If $m$ is odd (the crux of the problem) then each $a_k$ is no larger than $a_1 + 3m$ [make sure you see why or check the proof below; essentially you get to add by $m$ only once before you have to divide by 2]. As each $a_k$ is positive it follows that $a_k \in \{1,2,\ldots, a_1+3m\}$ for all $k$. Therefore it follows from Fact 1 that the sequence repeats.
If $m$ is even and positive then let $i_0$ be the smallest integer such that $a_12^{-i_0}$ is no longer even--or equivalently $2^{-i_0}a_1$ is odd. Then $a_2 = a_12^{-1}$, $\ldots ,$ $a_{i_0+1} = 2^{-i_0}a_1$, while $a_{i_0+1+j} = a_12^{-i_0} + jm$ for each nonnegative integer $j$ [make sure you see why; note that $a_{i_0+j+1} = a_12^{-i_0} + jm$ is an odd integer as $a_12^{-i_0}$ is odd and $m$ is even]. So the function is not periodic.
So for a positive integer $m$, the function is periodic iff $m$ is odd, no matter what positive integer $a_1$ is.

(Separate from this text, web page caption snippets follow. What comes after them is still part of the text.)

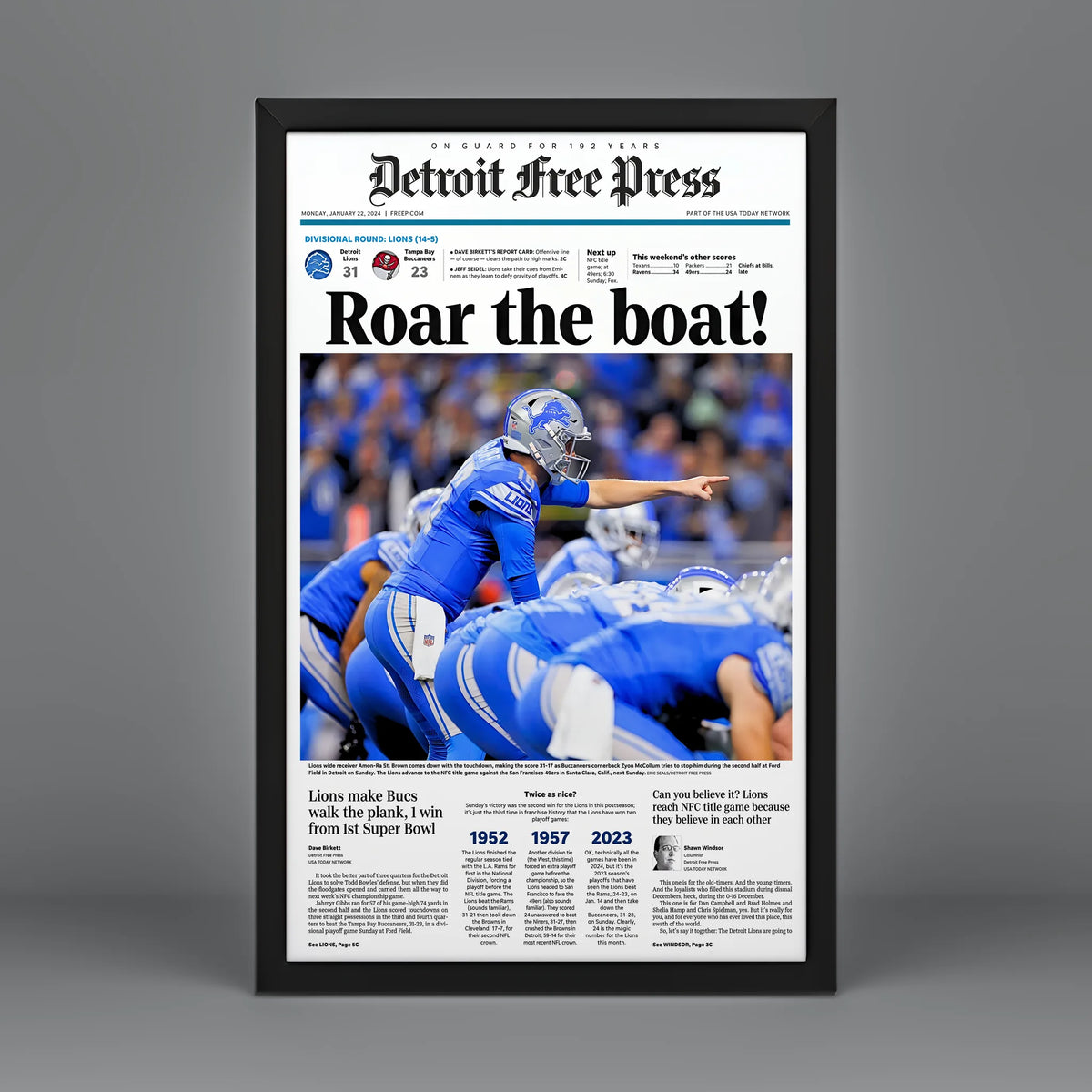 Roar the Boat!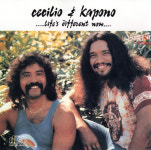 (미국초반/LP) 세실로 카포노 Cecilio & Kapono - Lifes Different Now : 33rpm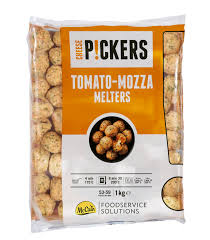 MCCAIN TOMATO MOZZA MELTERS (6 X1KG) (5330)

[If $m$ is 0 and $a_1 $ is odd then all of the $a_n$s are $a_1$. If $m=0$ and $a_1$ is even then letting $i_0$ be the smallest integer s.t. $a_12^{-i_0}$ is odd, then $a_n=a_12^{-i_0}$ for all $n > i_0$.]
Proof that $a_k< a_1+3m$ for all $k$ if $m$ is odd: We first show that $a_k < a_1+2m$ if $a_k$ is odd, by induction on $k$. Let us assume that $a_{k_0} < a_1+2m$ and that $a_{k_0}$ is odd. Then $a_{k_0+1}=a_{k_0}+m$ is even [as $m$ is odd] and is no greater than $a_1+3m$. Then $a_{k_0+2} = a_{k_0+1}/2$ is no greater than $a_1/2 + 3m/2 < a_1+2m$. So indeed, $a_k < a_1+2m$ if $a_k$ is odd.
Now we claim that $a_k < a_1+3m$ if $a_k$ is even. Indeed, let us use induction on $k$. If $a_{k-1}$ is even then by induction hypthesis $a_{k-1} < a_1+3m$ and $a_k = a_{k-1}/2 < a_{k-1}$ so indeed, $a_k < a_1+3m$ as well. If $a_{k-1}$ is odd then by the previous paragraph $a_{k-1} < a_1+2m$, which implies $a_k < a_1+3m$. Thus indeed, $a_k < a_1+3m$ if $a_k$ is even.
So $a_k < a_1+2m$ if $a_k$ is odd and $a_k < a_1+3m$ if $a_k$ is even, so the $a_k$s are indeed bounded.